The general poetic transcendentalism reveals itself in particular in scenic actualism & exhibitionism that remains its seal upon all dramatic textual properties. This exhibitionistic seal doesn’t depend upon the phenomenon of phantom proper also for lyrics where it entails no need of scenic representation. It ensues from the risk & hazard as the inherent property of this phantom in dramatic action as the “echo” of experimental examination of enunciations at stage. One can therefore regard exhibitionism as the particular property of dramatic scenic experimentation putting under examination the proclaimed utterances and demanding publicity as the arbiter of such examination. Drama brings together the features of exhibitionism that presuppose something concealed and therefore puts stress upon the confrontation of the implicit and the explicit elements of dramatic text revealing thus transcendental references of dramatic action.

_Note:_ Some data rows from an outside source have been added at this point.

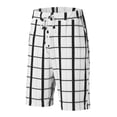 thumbnail image 4 of pxiakgy mens shorts men casual plaid printed business mid waist stretch drawstring shorts with pockets men casual shorts black + l, 4 of 6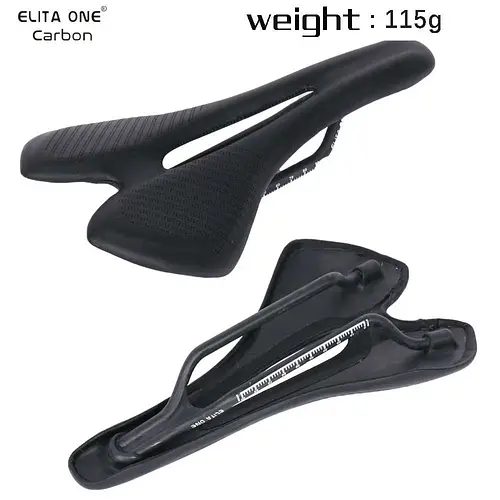 ELITAONE Carbon Bicycle Saddle 270x143mm Super Light Leather MTB Road Bike Super Saddle 115g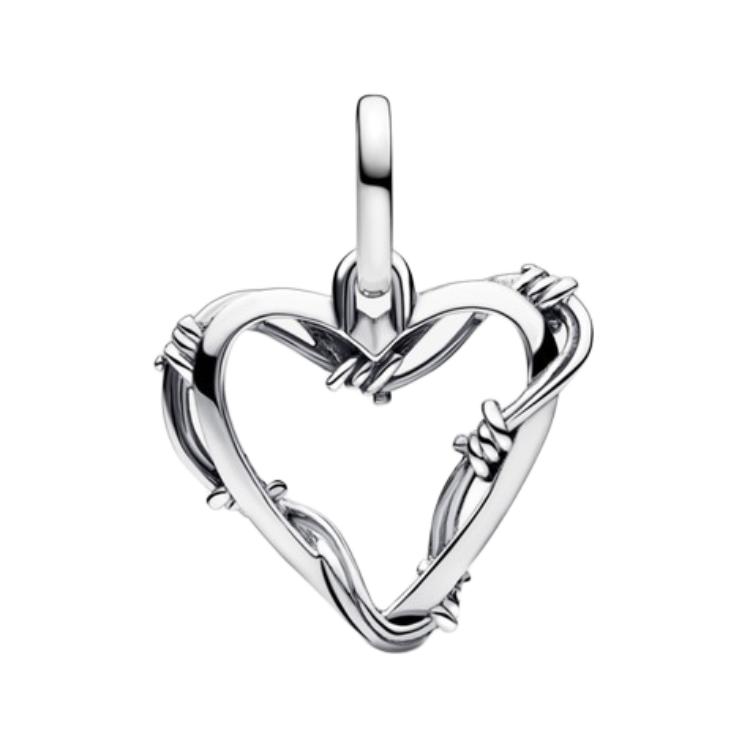 Pandora Heart Shaped Wire Mesh Pendant Women pendant Silver 793449C00 Box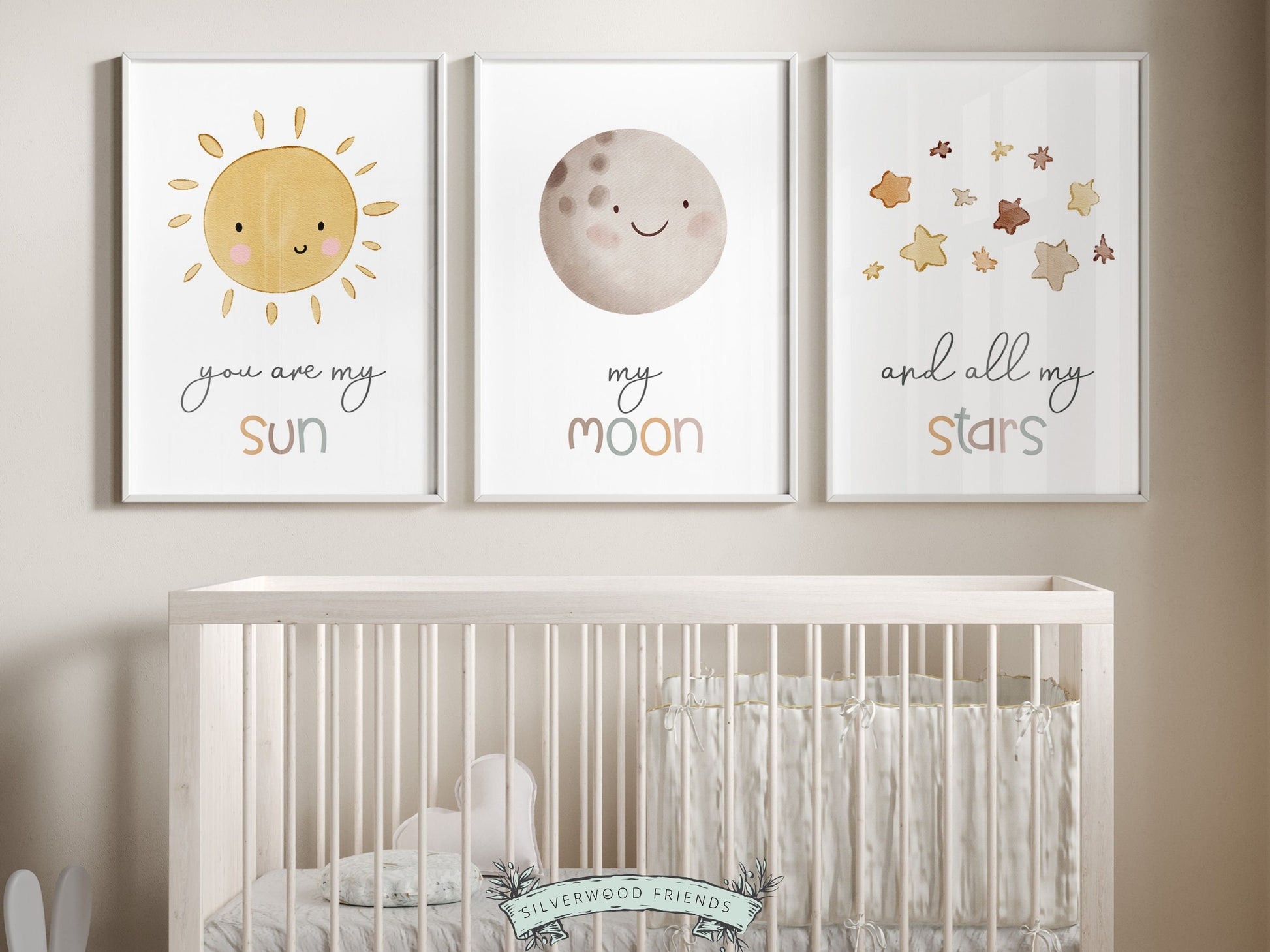 Our Set of 3 Boho Baby Nursery Prints, featuring a sun, moon, and stars, along with the loving and positive quote, You are my sun, my moon, and all my stars, will create a dreamy atmosphere in your babys nursery. Gender neutral baby shower gift.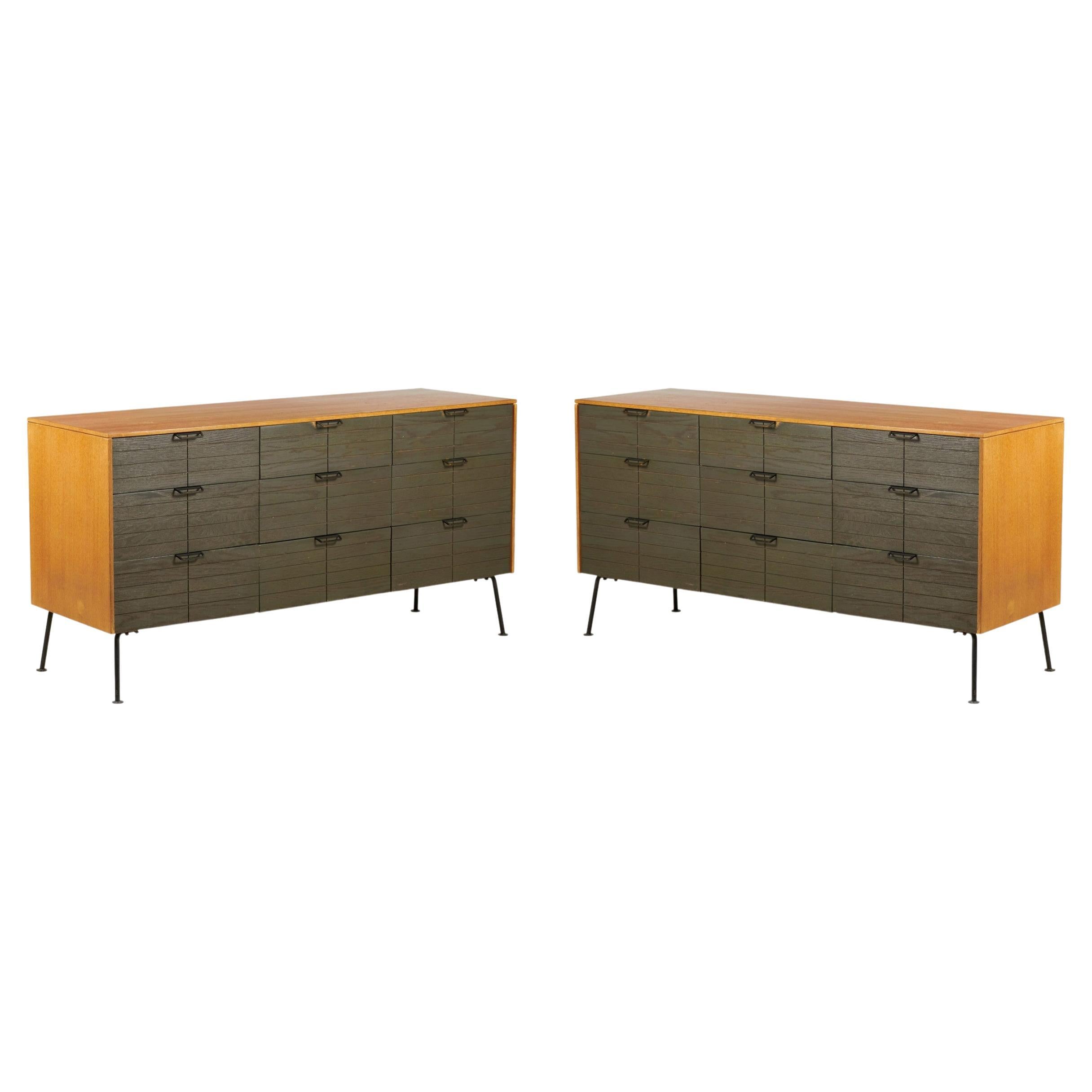 Raymond Loewy for Mengel Furniture Walnut and Iron Nine Drawer Dressers For Sale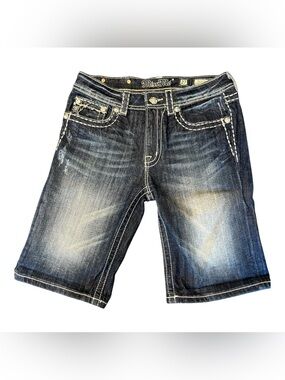 Miss Me Boyfriend Bermuda Shorts Women’s Size 27 Dark Wash Stretch Denim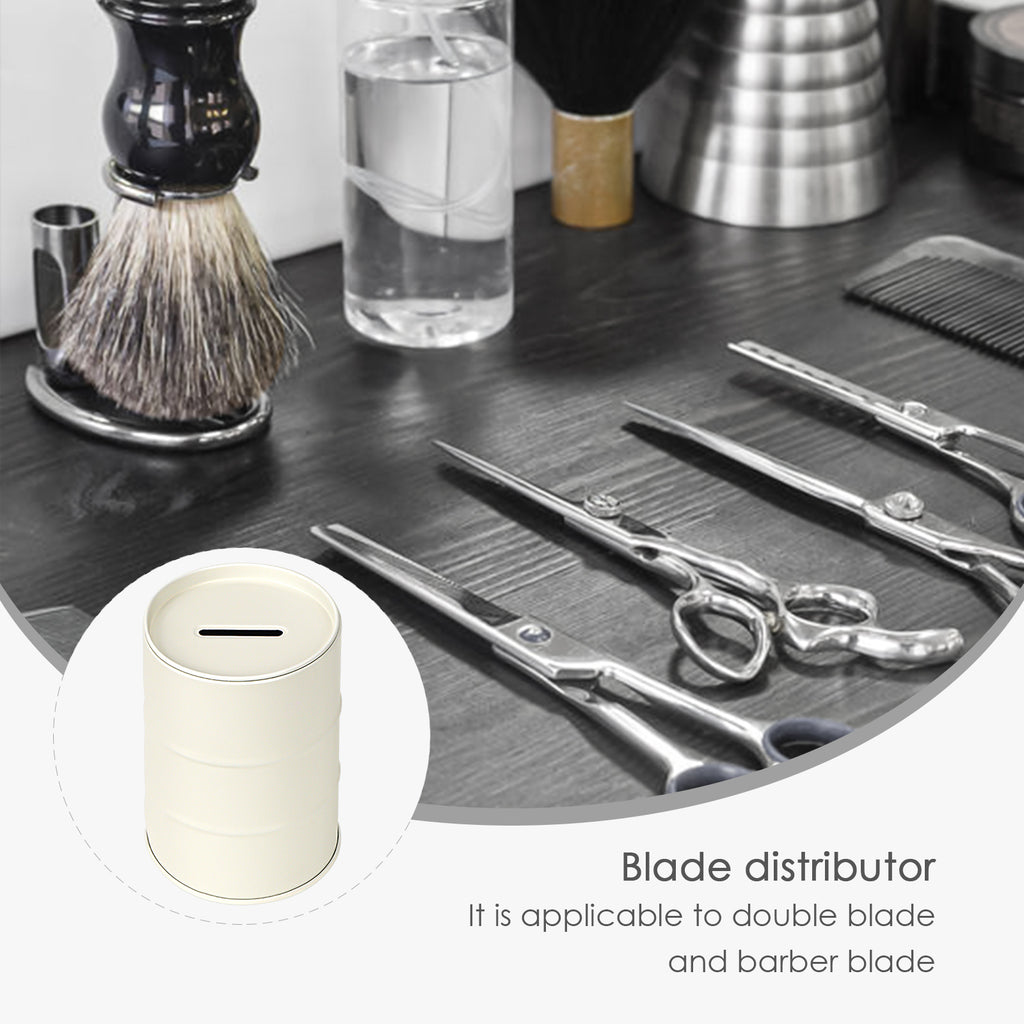 Linkidea Razor Blade Disposal Container, Metal Blade Bank, Used Razor Blade Holder for Safe Storage of Used Blades (White)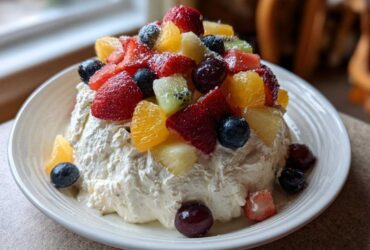 A mound of creamy cheesecake filling topped generously with mixed fresh fruit, creating an incredible cheesecake fruit salad.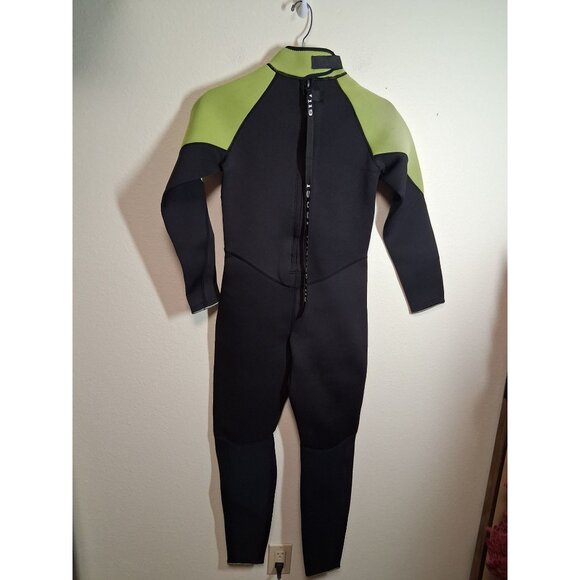 ISOSI WetSuit Diving Beach Summer Ocean Water Black/Green Unisex Child Sz 12 AL2 - Picture 4 of 5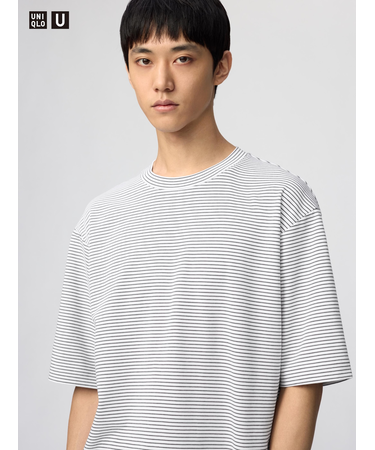 エアリズムコットンオーバーサイズボーダーTシャツ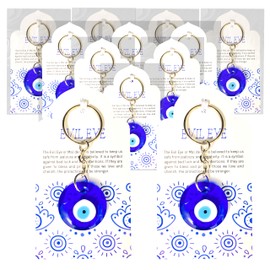 YRUKOMU 24 Sets Blue Evil Eyes Keychains Birthday Party Favors Turkish Good Luck Charms Gifts Bulk Navy Witch Gifts with Gift Tags Bags for Women Welcome Back to School Gifts Bulk for Students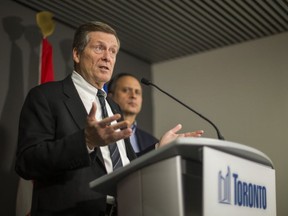 Toronto Mayor John Tory talks to media at Toronto's city hall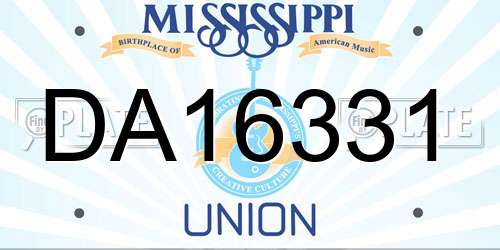 DA16331 Mississippi License Plate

Here the paradox arises: drama aims at representing colloquy with its verisimilitude, meanwhile the exhibited colloquy differs radically from that existent in common practice. Scenic colloquy is not already the primary colloquy. This transformation always entails semantic shifts. The sources of this paradox are in the fact that exhibitionism arises from the approximation of dramatic action to colloquy (in opposite to lyrics where the distance from it prevails). Both lyrics and drama are out of question without the system of codified conventions that offers resistance to poetic inspiration and subsequently is to be overcome and to be reshaped anew. Meanwhile the relationship of drama is here very peculiar. The exhibitionistic verve of dramatic genus involves abnormities as the necessary attribute of dramatic action. Deviations from the normal conduct are the prerequisite of perturbations as the source for dramatic conflict; subsequently dramatic speech always presupposes the presence of hyperbole (as the main subspecies of synecdoche).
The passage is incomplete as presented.